Protase Rugambwa (born 31 May 1960) is a Tanzanian prelate of the Catholic Church who has been the secretary of the Congregation for the Evangelization of Peoples since his appointment 9 November 2017. He previously served as that congregation's adjunct secretary and president of the Pontifical Mission Societies since his appointment on 26 June 2012.

Biography
Rugambwa was born in 1960 at Bunena, in the diocese of Bukoba. He had an elder brother, Paulo Kishumba (1957-2021).
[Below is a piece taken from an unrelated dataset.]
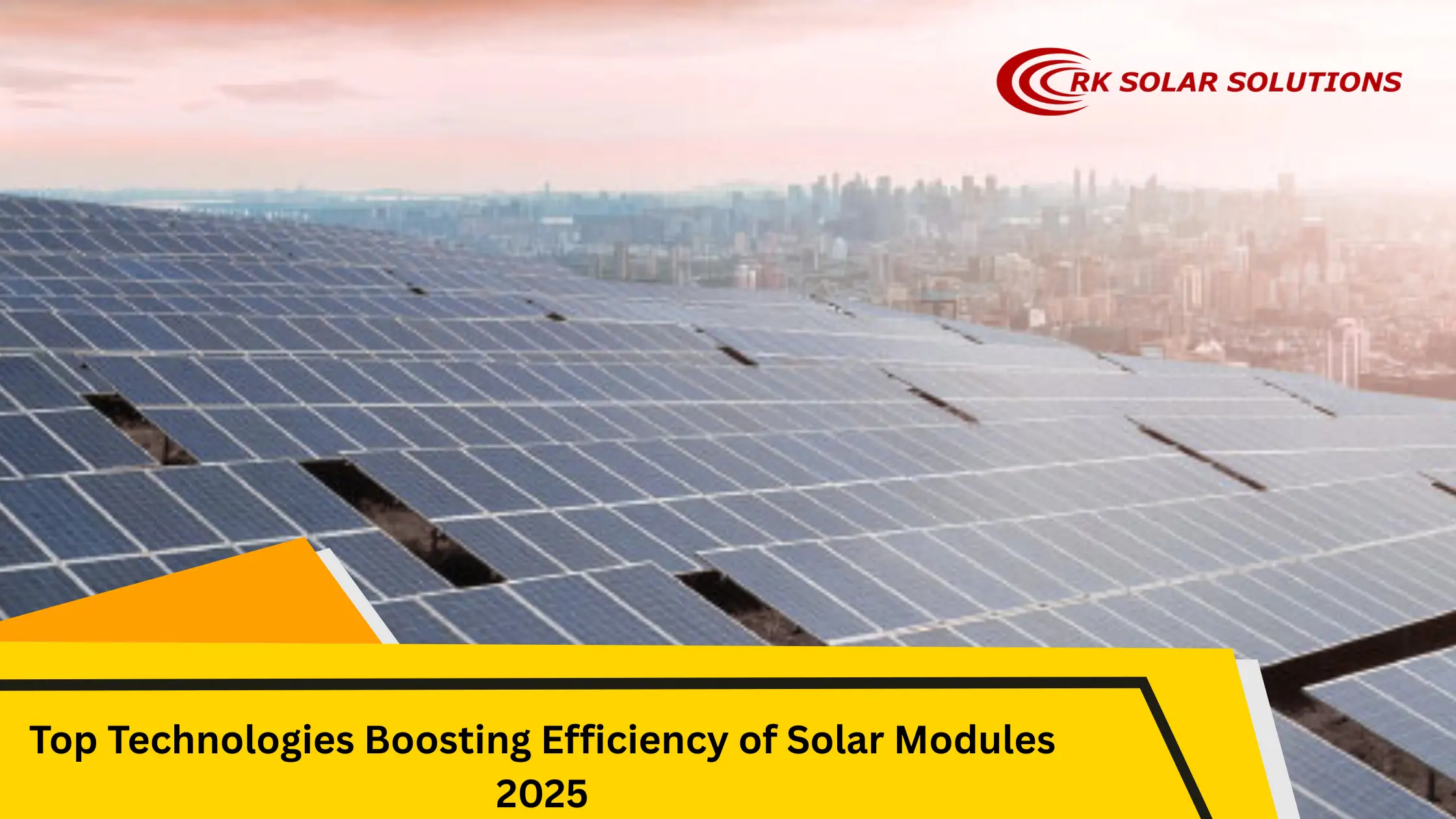 Rooftops covered in solar modules with a city skyline beyond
After his primary and secondary schools in various seminaries and Minor Katoke Itaga, Rugambwa studied philosophy at Kibosho Senior Seminary and theology at St. Charles Lwanga Segerea Senior Seminary.
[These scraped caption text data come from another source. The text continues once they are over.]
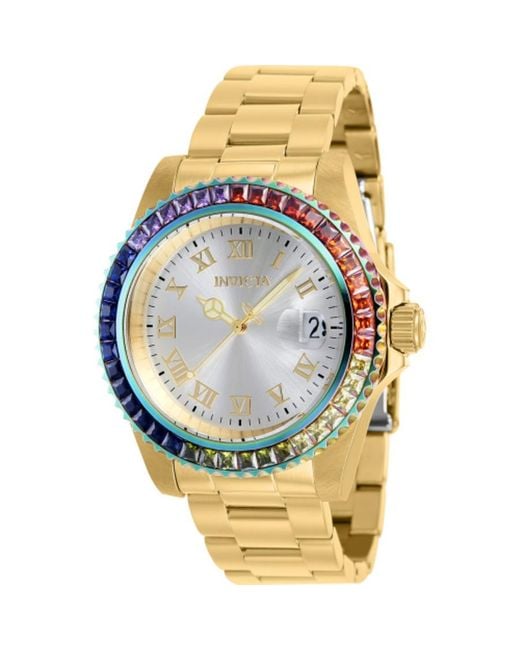 Invicta Metallic Angel Zager Exclusive Quartz Crystal Silver Dial Watch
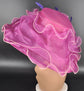 New Kentucky Derby, Church, Wedding, Tea Party with Big Bow & Flower 7" Wide Brim Organza Hat (Violet  w purple)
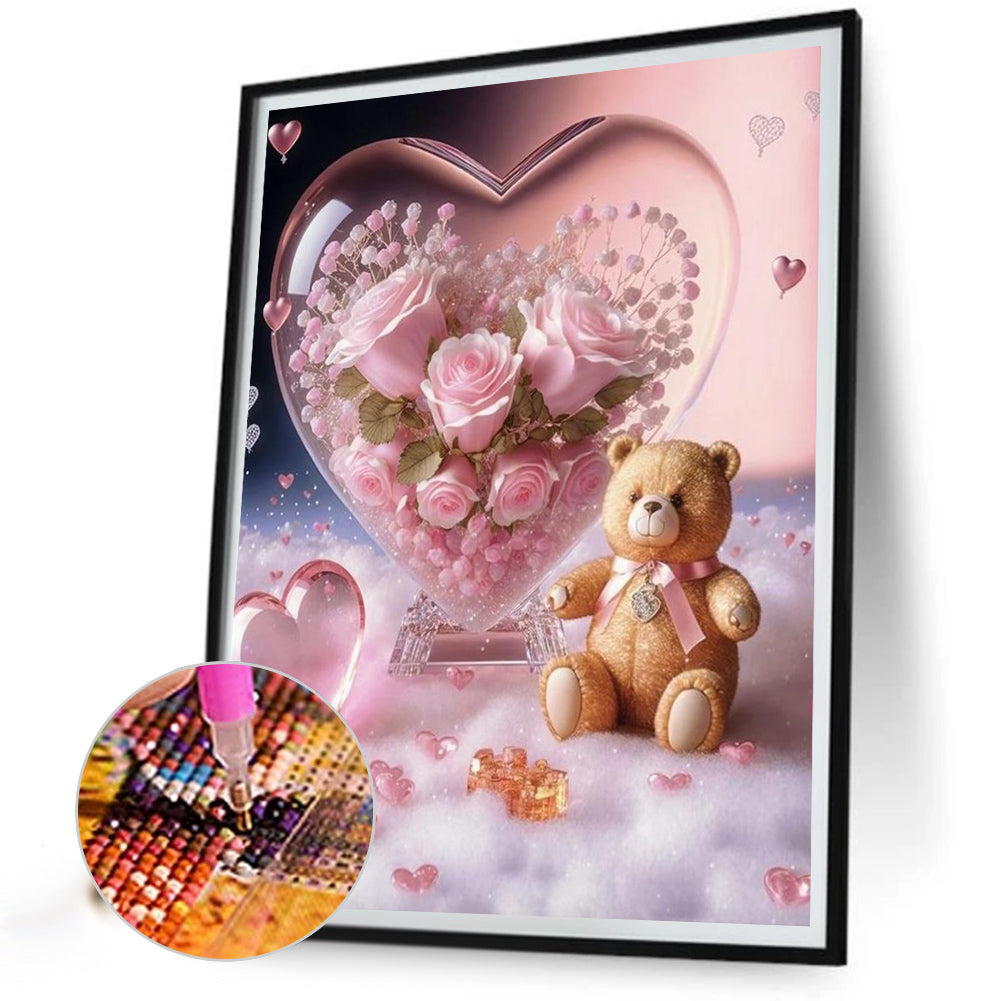 Love Bear - Full Round Drill Diamond Painting 30*40CM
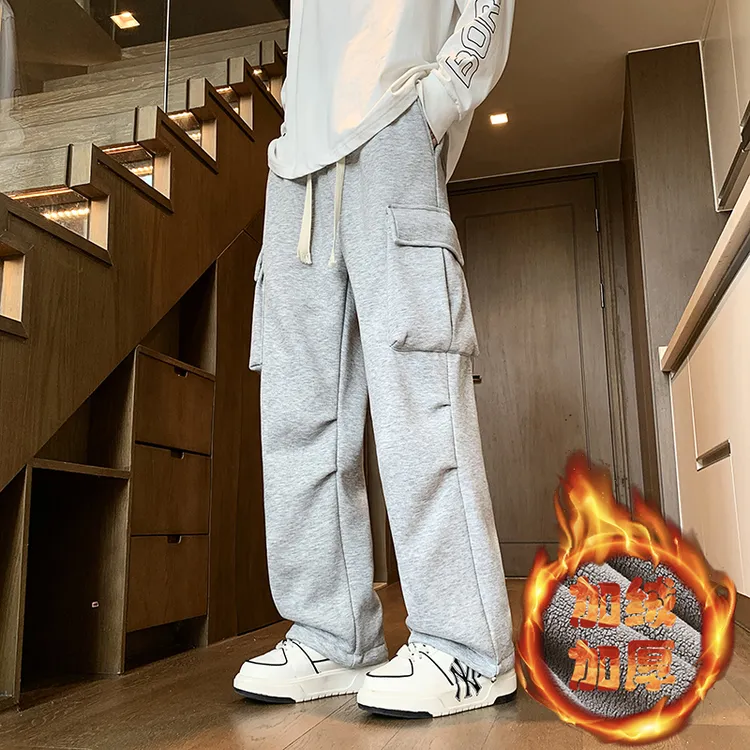 青少年秋冬季工装休闲长裤子男孩初中高中学生大童加绒厚直筒卫裤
He was ordained priest on 2 September 1990 in Dar-es-Salaam by John Paul II during his pastoral visit to Tanzania, and incardiated the diocese of Rulenge.

After ordination he had the following activities: 
1990-1991: Parish Vicar in the parish of Mabira
 1991-1994: Teacher in the Minor Seminary of Katoke, in charge of the Liturgy and Diocesan Chaplain of the hospital Biharamulo
 1994-1998: Studies for a doctorate in pastoral theology at the Pontifical Lateran University in Rome (promotion)
 1998-1999: Trainer of the spiritual year's seminarians, Director of Vocations in the Diocese of Rulenge, Executive Secretary of the Department of Pastoral Care
 2000-2002: Vicar General of the diocese of Rulenge and Moderator of Personnel
 2002-2008: Official of the Congregation for the Evangelization of Peoples.

On 18 January 2008, Pope Benedict XVI appointed Rugambwa Bishop of the Diocese of Kigoma, Tanzania. He received his episcopal consecration on 13 April.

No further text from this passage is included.